Materiały i sprzęt użyte w doświadczeniu:
- zestaw do izolacji DNA
- liście łubinu wąskolistnego
- ciekły azot
- bufor
- probówki
- pipety automatyczne
- moździerz
- wirówka
- worteks
- termoblok
Przebieg procesu izolacji:
Energiczne ucieranie liści łubinu w moździerzy z dodatkiem ciekłego azotu.
Przeniesienie utartej masy roślinnej do probówki eppendorfa i dodanie buforu PD.
Całość należało wymieszać i inkubować w 50°C przez 30 min.
Po inkubacji próbkę intensywnie worteksować przez 15 sek., a następnie wirować 5 min. przy 10 000 - 14 000 obr./min.
Kolejno przeniesiono do kolumny z filtrem i krótko wirowano.
Dodanie buforu do przefiltrowanego roztworu, a następnie wymieszano pipetą.

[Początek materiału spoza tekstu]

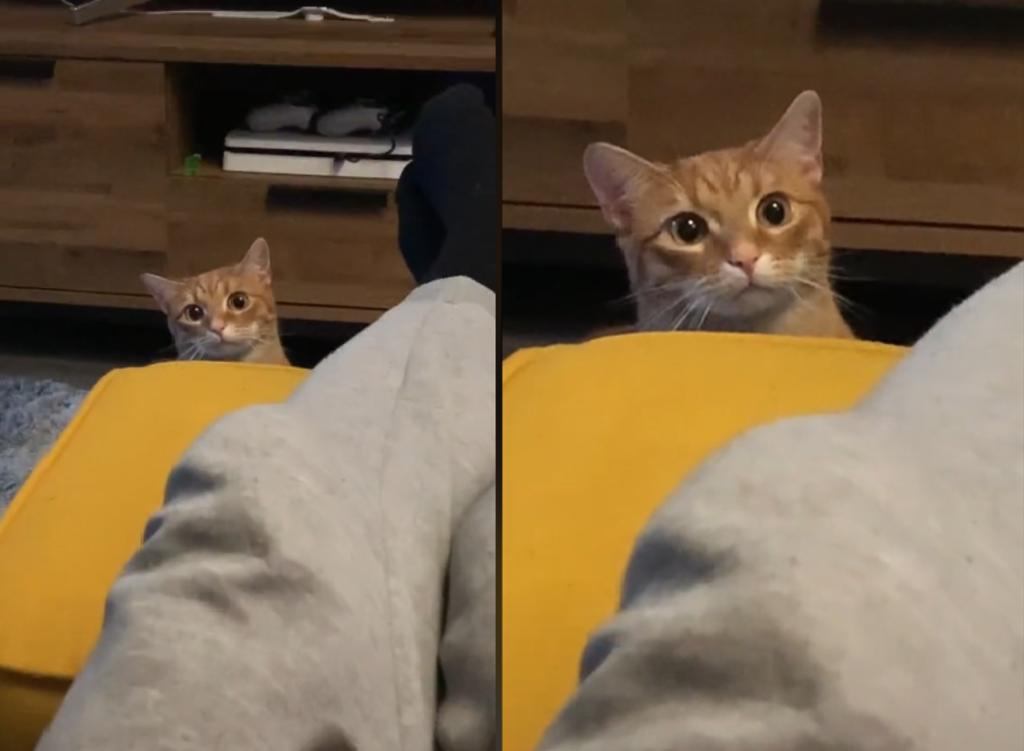 Gato se hace viral por su reacción a su dueño acariciando otro animal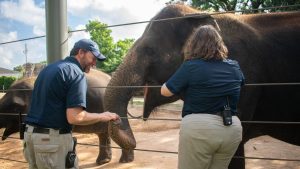 Breakthrough vaccine shows promise against deadly elephant virus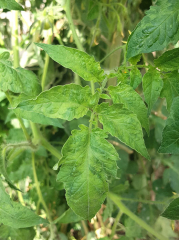 Mosaico e deformazione fogliare su pomodoro, <b>Tomato brown rugose fruit virus</b> (<i>Tomato brown rugose fruit virus</i>, ToBRFV), Pascal GENTIT (ANSES)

Ponowne przeniesienie do kolumny z filtrem i wirowanie.
Filtr, na którym powinno zostać DNA łubinu należy wypłukać i kolejno wirować.
Oznaczenie DNA
Elektroforeza - technika analityczna, rzadziej preparatywna, stosowana w chemii i biologii molekularnej, zwłaszcza w genetyce. Jej istotą jest rozdzielenie mieszaniny związków chemicznych na możliwie jednorodne frakcje przez wymuszanie wędrówki ich cząsteczek w polu elektrycznym.
Elektroforeza na żelu agarozowym:
Do roztworu dodano bromek etydyny, który świeci podczas promieniowania UV.
Nałożenie buforu do pojemników z żelem agarowym
Do próbek w żelu agarowym nakłada się roztwór z DNA
Elektroforeza trwała 1 godzinę.
Odczytanie wyniku za pomocą lampy UV.
Wnioski: Ilość DNA była duża, ale kreska była niewyraźna. Oznaczało to, że DNA jest silnie pofragmentowane.
Pomiar spektrofotometrem:
Za pomocą pipety pobrano roztwór DNA wcześniej rozcieńczony kilkukrotnie wodą.
Wyniki:
Ilość DNA: 58,4 ng/μL
Czystość: 0,93 (czystość= λ260nm/λ280nm)
Wnioski: Optymalna czystość DNA wynosi 1,8. Czystość mniejsza od tej wartości oznacza, że wyizolowane DNA jest zanieczyszczone białkami.
Reakcja PCR
Reakcja łańcuchowa polimerazy, PCR (Polymerase Chain Reaction) - metoda powielania łańcuchów DNA w warunkach laboratoryjnych, polegająca na reakcji łańcuchowej polimerazy DNA w wyniku wielokrotnego podgrzewania i oziębiania próbki
Amplifikacja DNA przy użyciu starterów F i R. Przedmiotem doświadczenia były liście łubinu wąskolistnego.
Skład mieszaniny reakcyjnej:
Lp. |
Odczynnik |
Objętość na próbkę [μL] |
Objętość na grupę (9 os.) [μL] |
1. |
Woda destylowana |
16,5 |
148,5 |
2. |
10 x Bufot Taq |
2,5 |
22,5 |
3. |
MgCl2 |
2,5 |
22,5 |
4. |
dNTP |
0,5 |
4,5 |
5. |
Starter F |
0,5 |
4,5 |
6. |
Starter R |
0,5 |
4,5 |
7. |
Polimeraza Taq |
0,3 |
2,7 |
Dodanie matrycowego DNA łubinu - 2μL
Ustawienie termocyklera:
- wstępna denaturacja - 95˚C przez 5 min.,
- ilość cykli: 35 (denaturacja - w 95˚C przez 30 sek., aniling - 62˚C przez 30 sek., amplifikacja - 72˚C przez 45 sek.),
- końcowa amplifikacja - 72˚C przez 7 min.
Elektroforeza uzyskanego produktu
Do nowej probówki dodano 10μL oraz 3μL buforu.
Całość naniesiono na żel agarozowy w obecności markera DNA.
Elektroforezę prowadzono przez około 30 min. przy napięciu 100V.
Wnioski
Zdjęcie elektroforezy pokazało częściowy sukces, ponieważ część analizowanych próbek posiadała mało widoczne prążki, co świadczy o niskiej amplifikacji. Powodem może być złe przygotowanie produktu lub niewłaściwie dobrana temperatura. Część próbek była widoczna (prążki świeciły się), świadczy to o tym, że reakcja PCR powiodła się.